Tidak diutus Nabi dan Rasul oleh Allaah Subhaanahu Wa Ta’aalaa melainkan untuk mengembalikan Janji mereka kepada Allaah Subhaanahu Wa Ta’aalaa. Manusia dulunya adalah satu Ummat, satu Visi. Bumi dulunya dihuni oleh Orang Beriman kemudian berlalu menjadi muncul Kekufuran setalah 10 Kurun Zaman. 
Allaah Subhaanahu Wa Ta’aalaa Mengutus Para Nabi untuk Menyampaikan Berita Gembira dan Peringatan. Nabi memiliki Agenda Utama untuk membuat Manusia Menyembah Allaah Subhaanahu Wa Ta’aalaa. Baginda Rasulullaah Shallallaahu ‘Alaihi Wa Sallam dalam Memperjuangkan Agama ini mendapatkan banyak Tawaran untuk Berhenti. Yang Pertama kali ikut Perjuangan Nabi Muhammad Shallallaahu ‘Alaihi Wa Sallam adalah Anak Muda. 
Berjalannya Dakwah selama 23 Tahun oleh Rasulullaah Shallallaahu ‘Alaihi Wa Sallam adalah Kuncinya Anak-Anak Muda bersama Imam mereka. Di dalam Berdakwah Rasulullaah Shallallaahu ‘Alaihi Wa Sallam ditawarkan berhenti, ada yang Menawarkan Harta, ada yang Menawarkan Tahta. Namun Nabi Muhammad Shallallaahu ‘Alaihi Wa Sallam hanya menginginkan kalian mengucapkan Kalimat : 
أَ شْـــهَــدُ اَنْ لاَ إِ لـــــهَ إِ لاَّ الـلّــــــــــــهُ وَ أَ شْــهَــدُ أَنَّ مُحَـــمَّـــدً ا رَّ سُــوْ لُ الـلّـــــــــهُ
Ini bukan sekedar Kalimat, tapi Penyerahan Diri kepada Allaah Subhaanahu Wa Ta’aalaa. Dalam Pola Pikir kita semuanya diserahkan kepada Allaah Subhaanahu Wa Ta’aalaa.

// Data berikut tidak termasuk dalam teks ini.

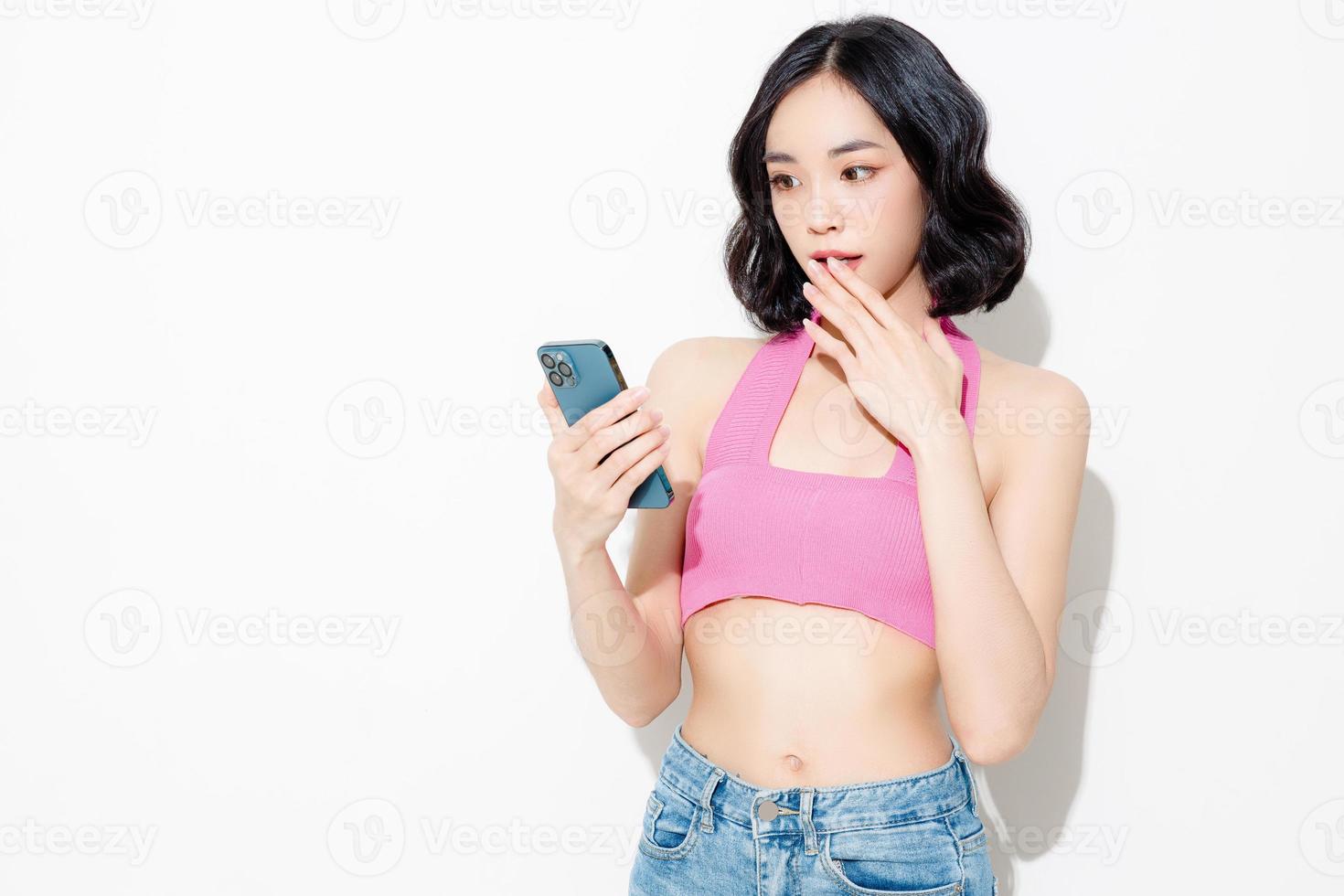 modische asiatische Frau kurze Haare mit perfektem Körper mit Handy. süßes weibliches Model und funkelnde Augen auf weißem, isoliertem Hintergrund. gesichtsbehandlung, kosmetik, schönheitskonzept. foto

Tidak ada yang Sah disembah selain Allaah Subhaanahu Wa Ta’aalaa. Kaum Musyrikin yang mengetahui Arti Kalimat ini tidak mau Menyembah Allaah Subhaanahu Wa Ta’aalaa karena mengikuti Hawa Nafsu mereka. Tidak ada Kompetisi untuk Menyaingi Allaah Subhaanahu Wa Ta’aalaa, tetapi karena Ambisi Hawa Nafsu untuk diikuti, padahal yang Berhak diikuti hanyalah Allaah Subhaanahu Wa Ta’aalaa. 

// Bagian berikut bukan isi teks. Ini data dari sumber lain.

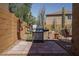 Backyard with desert landscaping with a built in outdoor grill, and a seating area at 26062 W Potter Dr, Buckeye, AZ 85396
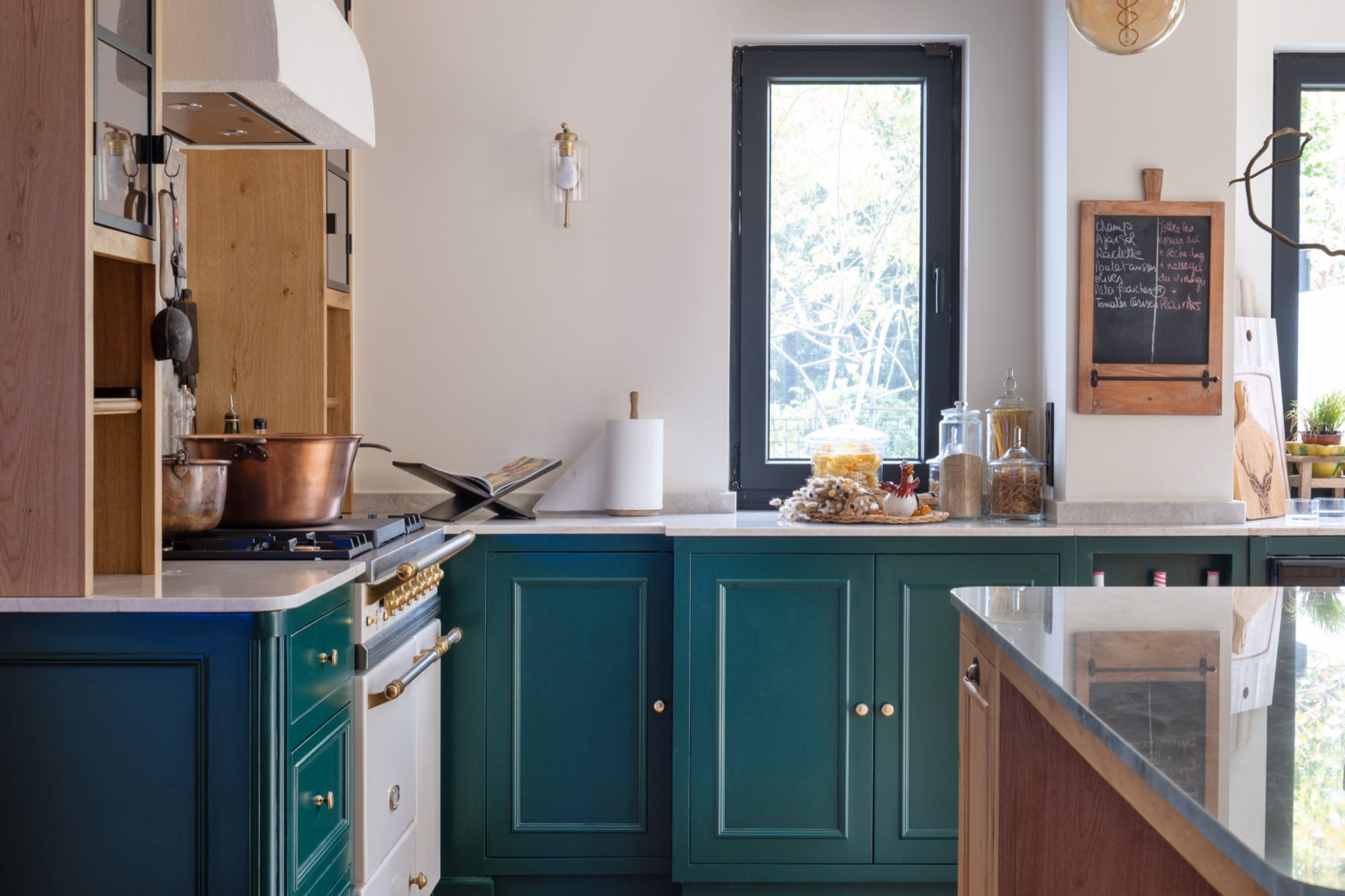 A kitchen with green cabinets and a copper pan on the hob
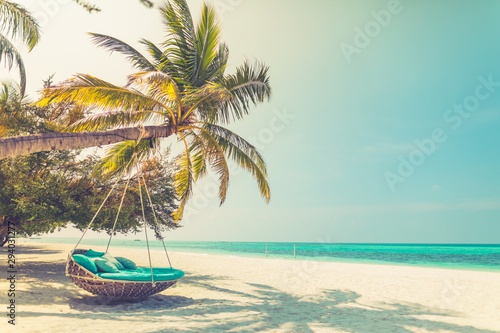 Tropical beach background as summer landscape with beach swing or hammock and white sand and calm sea for beach banner. Perfect beach scene vacation and summer holiday concept. Vintage style effect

Hawa Nafsu banyak yang diikuti hingga menjadi Tuhan. Tentang Kedudukan Hawa Nafsu dalam Q.S. An-Naziat yang berbunyi barang siapa yang menginginkan Surga, Patuh kepada Allaah Subhaanahu Wa Ta’aalaa. Apa Buktinya? Mencegah Dirinya dari Keinginan Hawa Nafsunya. Lihatlah bagaimana Allaah Subhaanahu Wa Ta’aalaa Memposisikan Hawa Nafsu dalam Ayat ini. Kalau Hawa Nafsu tidak dirawat akan Menyaingi Allaah Subhaanahu Wa Ta’aalaa. 

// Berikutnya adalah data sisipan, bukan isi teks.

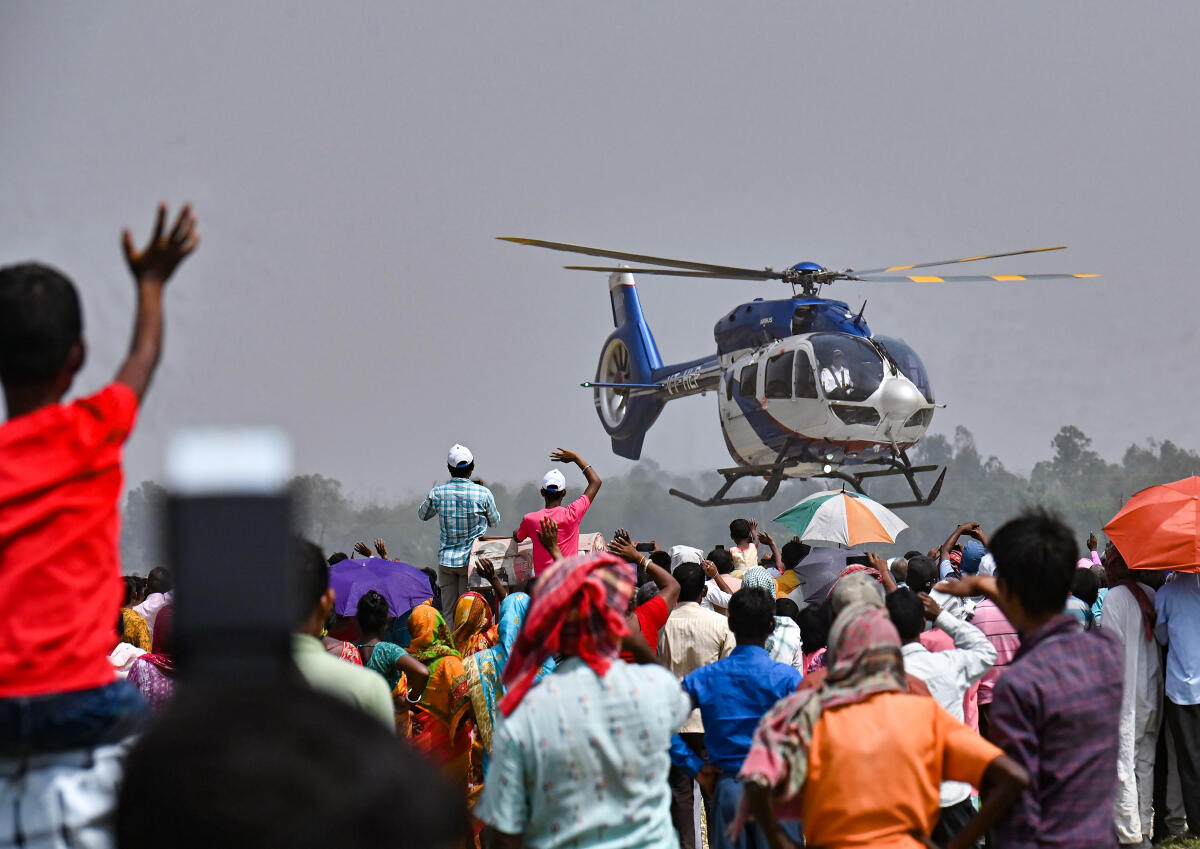 People wave at West Bengal Chief Minister and TMC chief Mamata Banerjee's helicopter during a public meeting, ahead of Lok Sabha elections, at Tapan in South Dinajpur district, Saturday, April 6, 2024.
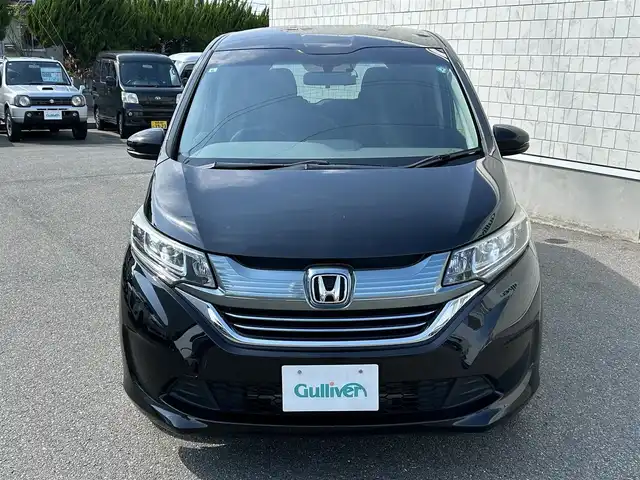 ホンダ フリード ハイブリット G 山形県 2019(令1)年 8.2万km プレミアムスパークルブラックパール ワンオーナー/４WD/衝突被害軽減ブレーキ/左側パワースライドドア/メモリナビ/・CD/DVD/Bluetooth/フルセグ/フリップダウンモニター/エンジンスターター/バックカメラ/ETC/クルーズコントロール/社外15インチAW/シートヒーター/純正フロアマット/LEDオートライト/プッシュスタート/スマートキー/保証書
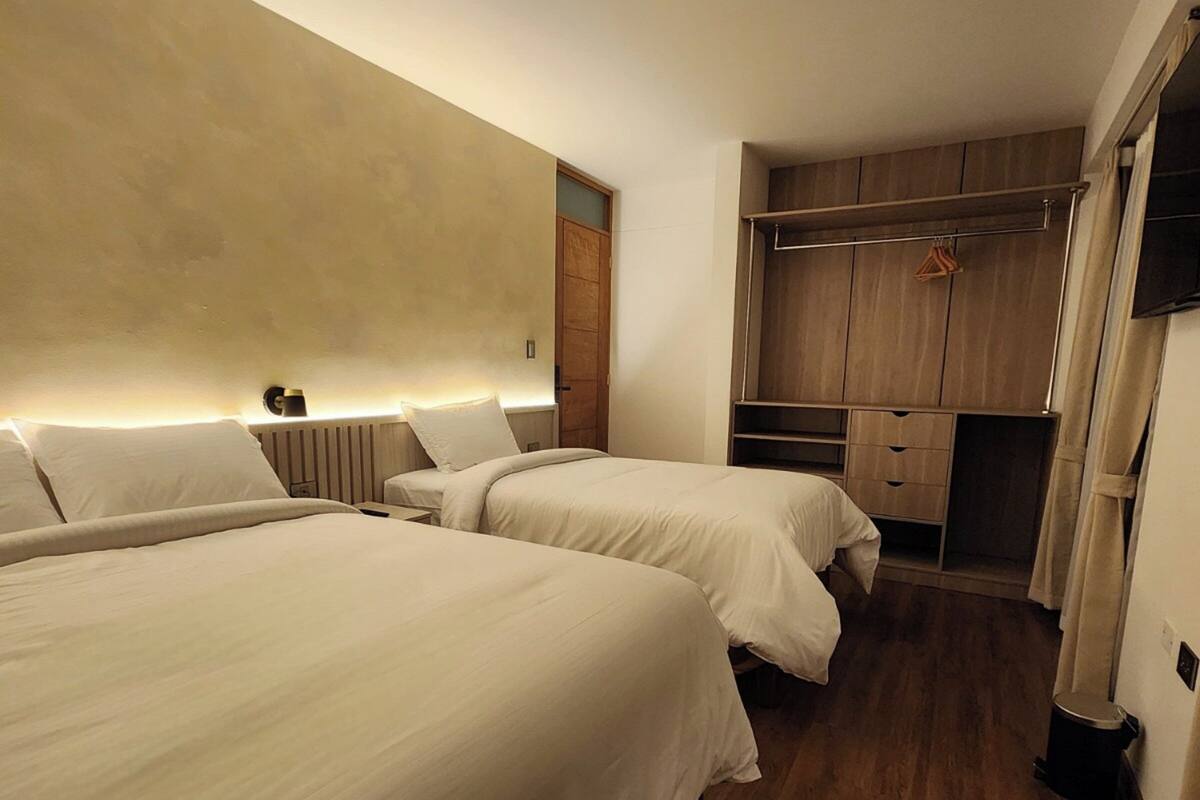 A hotel room with two beds, a wooden wardrobe, and a small kitchenette.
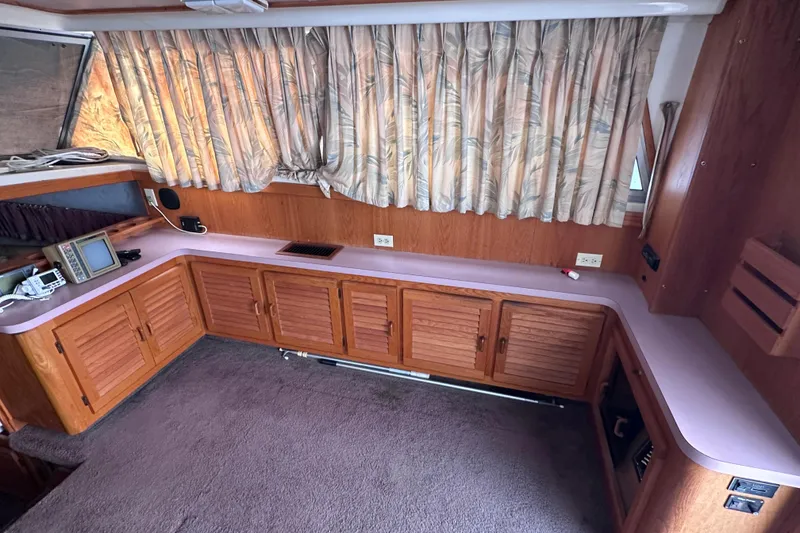 Slide: The Image of Interior of 1988 Silverton 37 Convertible yacht with wood cabinetry and vintage electronics. - 21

Hati-hatilah kamu terhadap Hawa Nafsu kamu, sesungguhnya Hawa Nafsu lebih Dahsyat daripada 70 Godaan Setan. Maka Allaah Subhaanahu Wa Ta’aalaa menempatkan Hawa Nafsu sesuai Tempatnya. Walaupun punya Ilmu akan Tersesat bila Mengikuti Hawa Nafsu, Halal Haram tidak dipedulikan. Kesempurnaan Iman kita dilihat dari Hawa Nafsu kita mau Patuh 
apa tidak terhadap Allaah Subhaanahu Wa Ta’aalaa. 
Tidaklah Sempurna Iman bila tidak bisa Mengendalikan Hawa Nafsu. Tinggalkan Hawa Nafsu, maka anda Orang-Orang Beriman. Demikian Para Sahabat Dididik oleh Baginda Rasulullaah Shallallaahu ‘Alaihi Wa Sallam, itulah Bukti Penyerahan Diri kepada Baginda Rasulullaah Shallallaahu ‘Alaihi Wa Sallam. Semuanya diserahkan kepada Baginda Rasulullaah Shallallaahu ‘Alaihi Wa Sallam. Nabi Muhammad Shallallaahu ‘Alaihi Wa Sallam lebih diutamakan daripada Orang Beriman melebihi Diri mereka sendiri. 
Kalau tidak sesuai dengan Akal Pikiran mereka diserahkan kepada Rasulullaah Shallallaahu ‘Alaihi Wa Sallam. Benar Agama ini Menghormati Akal. Akal bagian untuk Tafakur. Perjalanan Manusia dalam Ibadah adalah Ibadah Tafakur. Ibadah Tafakur memang menggunakan Akal tapi Akal tidak bisa dibiarkan semaunya. 
ﺭَﺑَّﻨَﺎ ﻣَﺎ ﺧَﻠَﻘْﺖَ ﻫَﺬﺍ ﺑَﺎﻃِﻼً ﺳُﺒْﺤَﺎﻧَﻚَ ﻓَﻘِﻨَﺎ ﻋَﺬَﺍﺏَ ﺍﻟﻨَّﺎﺭِ
“Wahai Tuhan kami, tidaklah Kau Ciptakan ini sia-sia, Maha Suci Engkau, jauhkanlah kami dari Adzab Neraka.” (Q.S. Ali-Imran : 191)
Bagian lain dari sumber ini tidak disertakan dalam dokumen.